L’ECF tient ses Journées d’automne à ce second week-end d’octobre 2010 et propose de confier aux groupes des réseaux du Champ freudien les simultanées qu’ils seront susceptibles d’assurer (4 à 6 sont envisageables vus les délais courts).


Les responsables de ces réseaux ont accueilli avec joie cette proposition et, dans une réunion informelle tenue le 10 juillet ont été d’accord pour que ces simultanées abordent des thèmes non seulement articulés à celui des Journées de l’ECF, mais aussi transversaux aux réseaux.
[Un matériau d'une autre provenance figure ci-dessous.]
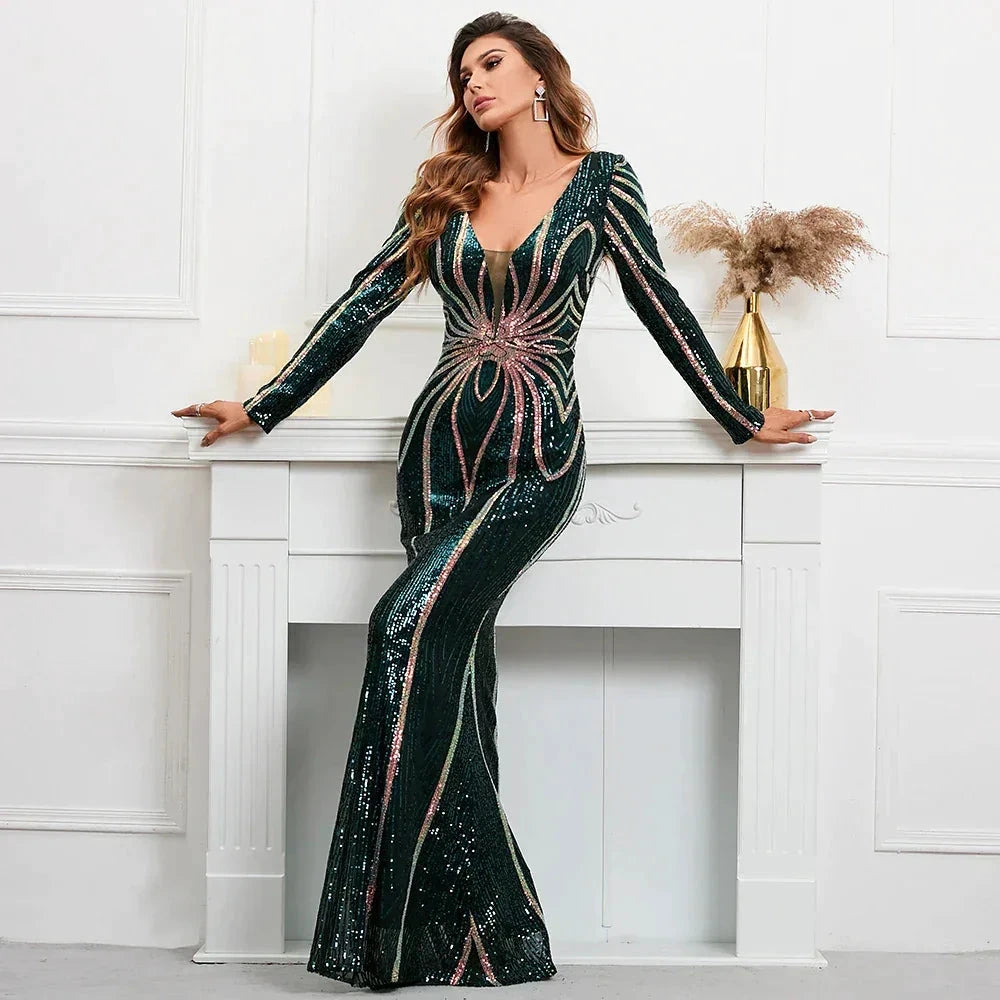 Stretch Green Sequin Maxi Dress Full Sleeve V Neck Mermaid Evening Night Long Party Dress by Sunnderly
Nous souhaitons par là favoriser l’énonciation et parer aux phénomènes d’identification groupale, sans pour autant gommer la spécificité du travail de chaque réseau.

Nous avons déterminé les thèmes suivants, qui, selon les arguments proposés, seront regroupés, dédoublés ou précisés :


1 L’écart entre demande et désir.


2 “Je vous l’amène pour ça”.


3 De la pertinence des réunions cliniques.


4 Accueillir singulièrement la détresse.


5 Inventer le lien social qui arrime quand ce lien est délité.


6 Faire émerger un ”je veux”.


7 Traiter le désir , non la demande.

8 Donner le goût du un par un versus les idéaux institutionnels.


9 Spécificité et illustration de la “pratique à plusieurs” (la formation requise dans sa mise en acte).


10 Travail préliminaire à l’accueil en institution d’orientation lacanienne.


Les arguments sont attendus pour la fin de ce mois ou le tout début d’août, notamment de qui n’est jamais intervenu dans une Journée de l’ECF.

Des membres de l’ECF tiendront le fil rouge de ces simultanées.


Ces arguments (1500 signes) sont à adresser à Jean-Daniel Matet (matet@wanadoo.fr), Jean-Robert Rabanel (jrabanel@wanadoo.fr), Pierre Malengreau (pmalg@skynet.be), Eric Zuliani (eric.zuliani@wanadoo.fr) et Judith Miller (judithm@champfreudien.org).


Cordialement et que la hâte vous soit propice.